Brougham Place, Edinburgh
I’m almost ashamed to admit that, in all my years on this planet, I have never eaten Korean food before – and we pass by this neat, pristine little restaurant on Brougham Place nearly every day of our lives on our way to the Quartermile – so, we tell ourselves, why not give it a whirl? I’m very glad we do.
There’s a scrupulously clean interior and a decidedly friendly atmosphere at the Ong Gie. A gentleman called Wan strolls over to the table and introduces himself. This is his place, he tells us and, if we need recommendations or advice, he’s happy to oblige. Wan, it has to be said, is a bit of a charmer and in moments we’re chatting happily away as if we’ve known each other for years. I can’t help feeling that every restaurant should have somebody like Wan front of house.

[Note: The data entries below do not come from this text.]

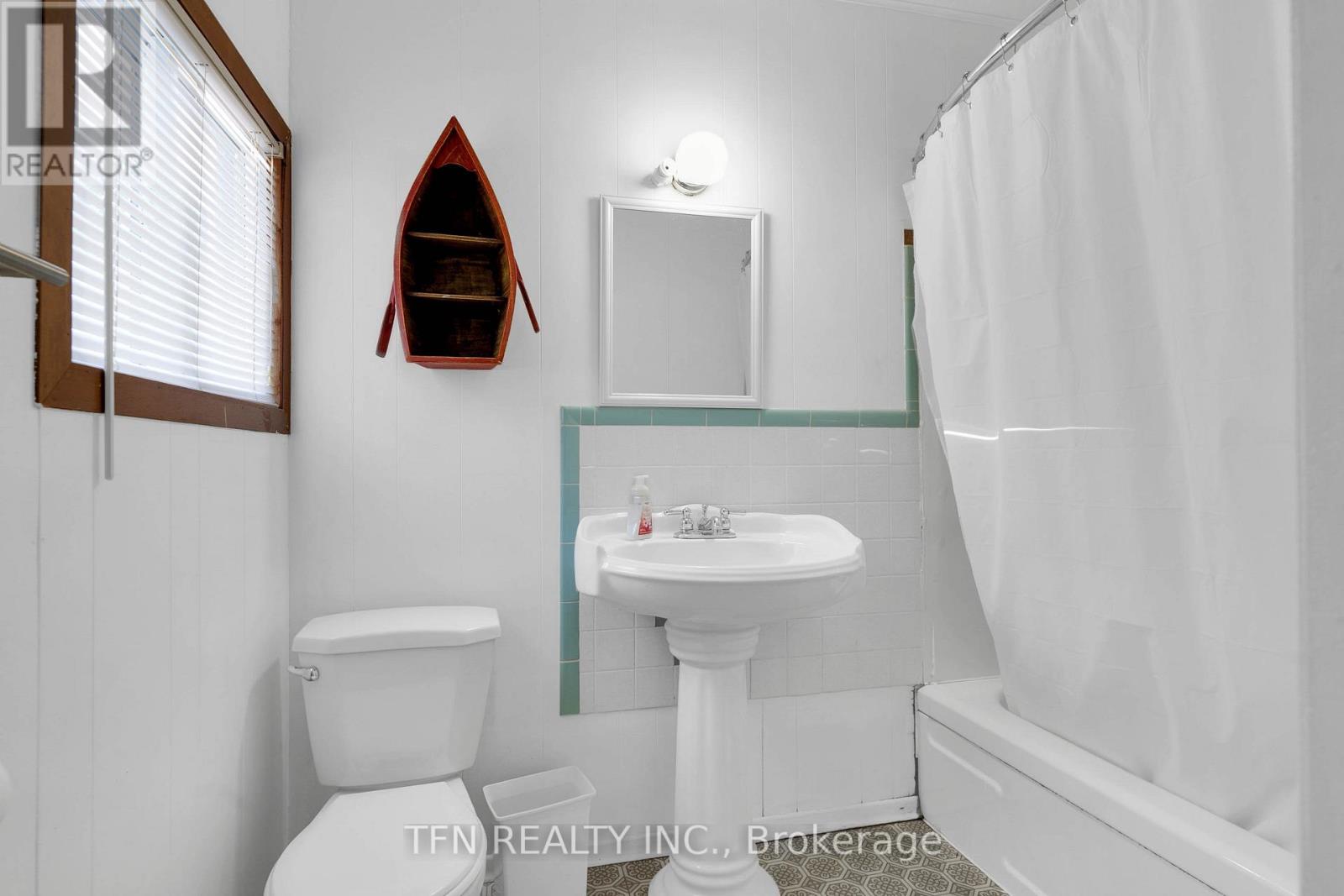 1585 Port Stanton Parkway, Severn, Ontario  P0E 1N0 - Photo 23 - S12777960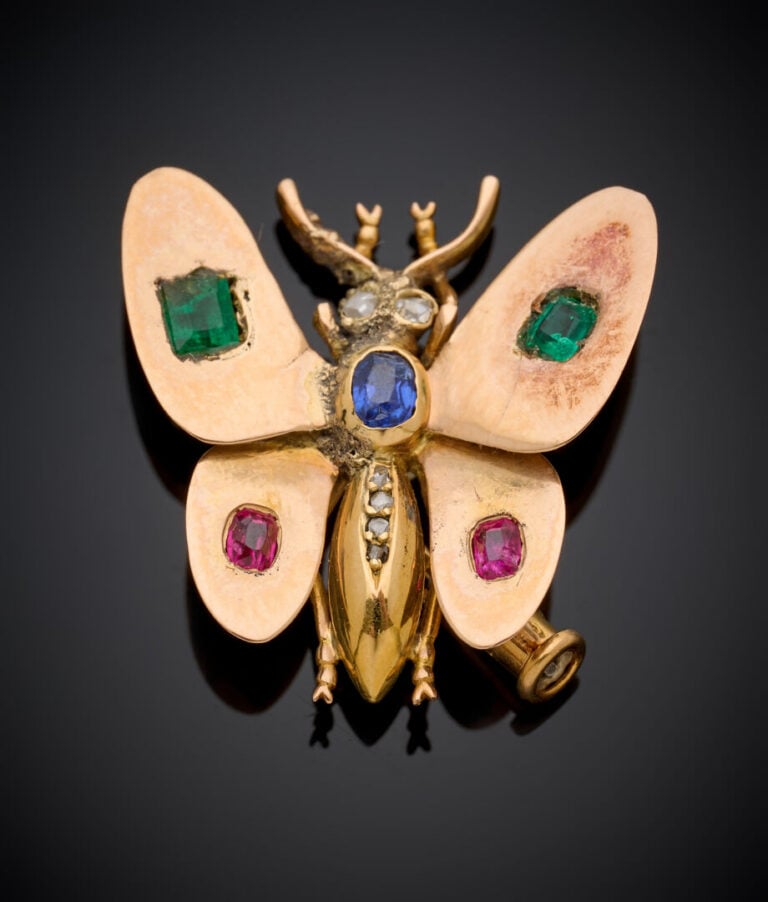 Petite BROCHE "papillon" en or rose (750‰) serti de diamants taillés en rose, s…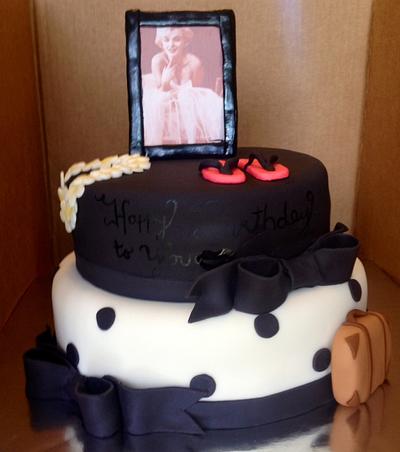 Black & white birthday cake - Cake by Lecie
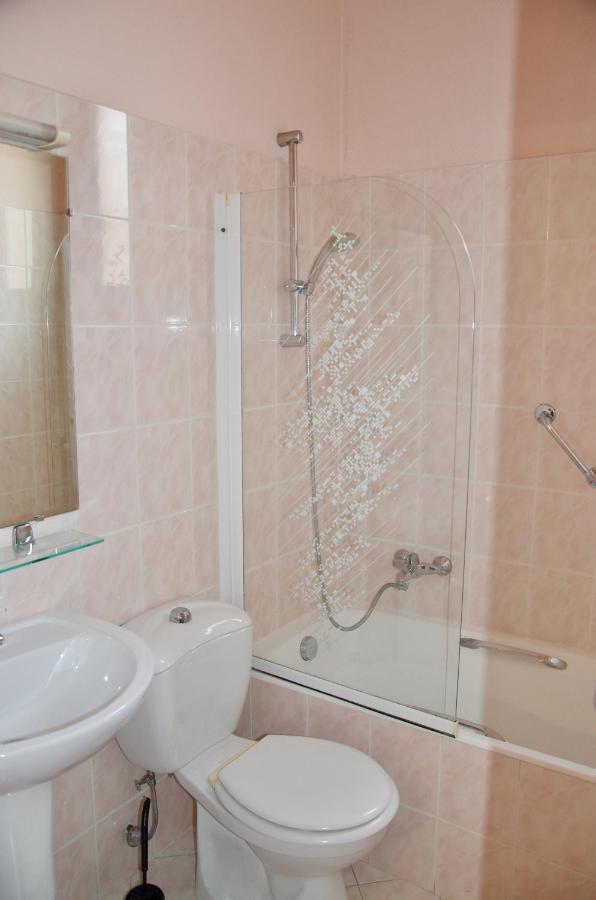 Appartement 2 Les Clématites Menton Exterior foto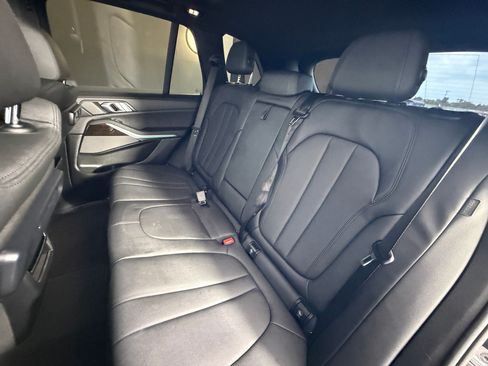 Used 2021 BMW X5 sDrive40i w/ Premium Package RWD image 30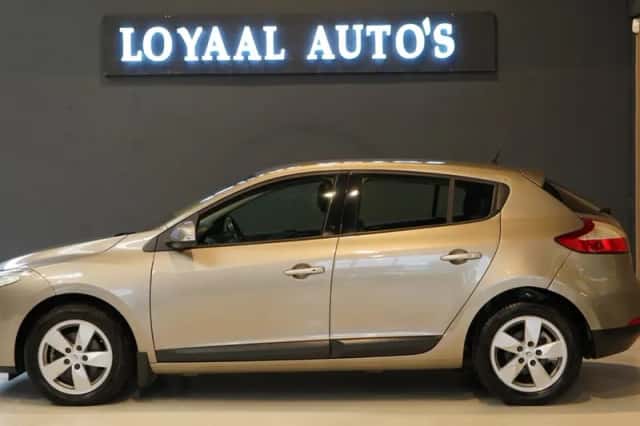 Renault Mégane (2009) thumbnail 5
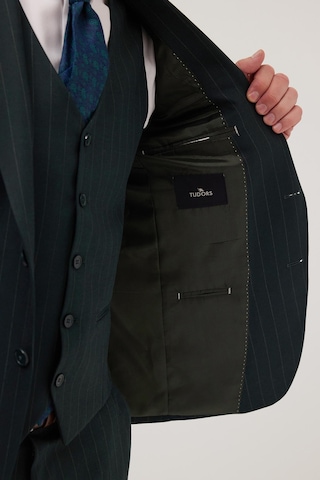 Tudors Erkek Slim Fit Haki Esnek Likralı Kumaş Sivri Yaka Yelekli Takım Elbise-41297 Haki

For starters, we choose two dishes – Jumbo Chicken Wings and Seafood Pancakes with spring onion and courgettes. The former are just what we expect – four generously sized pieces of chicken with a crispy coating and a deliciously sticky sweet chilli sauce. The other starter, however, is a real surprise – four chunky potato pancakes, generously stuffed with prawns and satisfyingly glutinous. These have a soy dipping sauce. Both starters are spot on and we look forward to the main courses. (I should perhaps point out that the service here is excellent, Wan clearly running the place with precision.)

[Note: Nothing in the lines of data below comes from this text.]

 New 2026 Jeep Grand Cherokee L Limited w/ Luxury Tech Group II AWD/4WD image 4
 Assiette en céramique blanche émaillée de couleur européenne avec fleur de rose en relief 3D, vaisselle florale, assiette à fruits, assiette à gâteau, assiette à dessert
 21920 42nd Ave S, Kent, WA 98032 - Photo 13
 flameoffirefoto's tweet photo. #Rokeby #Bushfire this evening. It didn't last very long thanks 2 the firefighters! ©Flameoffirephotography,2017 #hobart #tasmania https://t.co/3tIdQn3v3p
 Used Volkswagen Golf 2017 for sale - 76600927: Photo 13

For mains we order Crispy Rice with Seafood Stew – the rice makes a deliciously crunchy base onto which is poured an aromatic casserole featuring king prawns, mussels and squid. There’s a lovely touch of theatre when the stew is poured onto the rice at the table making a delightful hissing sound. Talking of theatre, we also opt for the Yang Gogi Jumool Luk, which is a lamb barbecue. It hasn’t escaped our notice that set into each table is a rectangular grill. The spicy marinated lamb is brought to the table in a bowl and we are invited to cook it ourselves, bit-by-bit or all at once. It certainly makes for an appetising experience as the meat hisses and sizzles in front of our very eyes. Once it’s done to our satisfaction, we pop it into a lettuce leaf, add some sauces to taste and away we go. With the main courses we share a bowl of Udon noodles, served cold and simply perfect to cut through the exotic flavours of the marinaded meat.
As if all this isn’t exciting enough, I feel I have to say something about the price. This place is extraordinary value for money. Our meal for two, including a bottle of prosecco and a Tsingtao beer, comes to around sixty pounds. Have we enjoyed our first meal of Korean food? Oh yes we have. Would we recommend it to others? In a heartbeat. And will we be coming back again. Try and stop us.